1.靴紐から学ぶ人生。生きづらさと機会損失と
ハイカットスニーカーの靴紐問題
お気に入りのスニーカーがある。ハイカット型なので、脱いだり履いたりするたびに靴紐を結び直さねばならない。
というのが、この記事の枕です。しばしお付き合いください。
ダリ展ついでにアメ横で買った靴めちゃくちゃ気に入ったからこのまま香港まで歩きたい pic.twitter.com/Yndn6q8FKx
— 呉樹 直己 (@GJOshpink) October 1, 2016
ハイカットとは、ブーツみたいにくるぶしまで覆われる形のことですね。
いちいち靴紐をほどいたり結んだりするのは手間がかかる。面倒くさい。しかし、わたしはローカット型よりハイカット型の靴のほうがデザインとして好きだし、ハイカットを選択するなら、この手間は避けられないと思っていた。

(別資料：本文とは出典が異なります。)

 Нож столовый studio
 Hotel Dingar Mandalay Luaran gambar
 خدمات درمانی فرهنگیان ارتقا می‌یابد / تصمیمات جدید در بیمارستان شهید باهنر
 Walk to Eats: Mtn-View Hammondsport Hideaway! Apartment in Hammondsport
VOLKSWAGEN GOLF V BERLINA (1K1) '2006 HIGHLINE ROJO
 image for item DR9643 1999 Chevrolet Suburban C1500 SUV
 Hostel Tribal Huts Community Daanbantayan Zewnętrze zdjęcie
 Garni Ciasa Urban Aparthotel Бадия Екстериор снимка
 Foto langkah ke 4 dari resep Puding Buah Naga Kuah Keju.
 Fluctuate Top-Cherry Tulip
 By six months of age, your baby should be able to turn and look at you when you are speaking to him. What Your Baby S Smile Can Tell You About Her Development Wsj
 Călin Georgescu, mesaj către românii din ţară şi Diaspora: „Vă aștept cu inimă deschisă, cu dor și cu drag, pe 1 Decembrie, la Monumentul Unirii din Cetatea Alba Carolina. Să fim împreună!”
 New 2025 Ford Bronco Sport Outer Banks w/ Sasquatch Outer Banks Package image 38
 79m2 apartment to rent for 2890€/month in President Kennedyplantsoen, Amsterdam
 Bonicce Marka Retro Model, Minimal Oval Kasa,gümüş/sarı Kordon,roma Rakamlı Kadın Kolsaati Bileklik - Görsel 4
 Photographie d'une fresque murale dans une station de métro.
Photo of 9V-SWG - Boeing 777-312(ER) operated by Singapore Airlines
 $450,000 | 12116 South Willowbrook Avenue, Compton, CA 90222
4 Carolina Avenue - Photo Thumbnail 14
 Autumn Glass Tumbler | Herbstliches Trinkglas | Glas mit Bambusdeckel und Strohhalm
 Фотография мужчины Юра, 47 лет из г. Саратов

面倒くさいのが当然だと思っていた。改善するという発想すらなかった。思考停止していた。
ゴム製の靴紐という選択肢
そんなある日、偶然立ち寄ったキャンドゥで、次のような製品を見つけました。
ゴム製の靴紐。伸び縮みするので、結びっぱなしのまま靴の着脱ができるという代物である。
その手があったか、と膝を打ちました。早速購入して、デフォルトの靴紐(普通の布製の平紐)を外して付け替えてみた。期待通り、シュータン(足の甲のベロ部分)を引っ張るだけで、簡単に脱いだり履いたりできるようになりました。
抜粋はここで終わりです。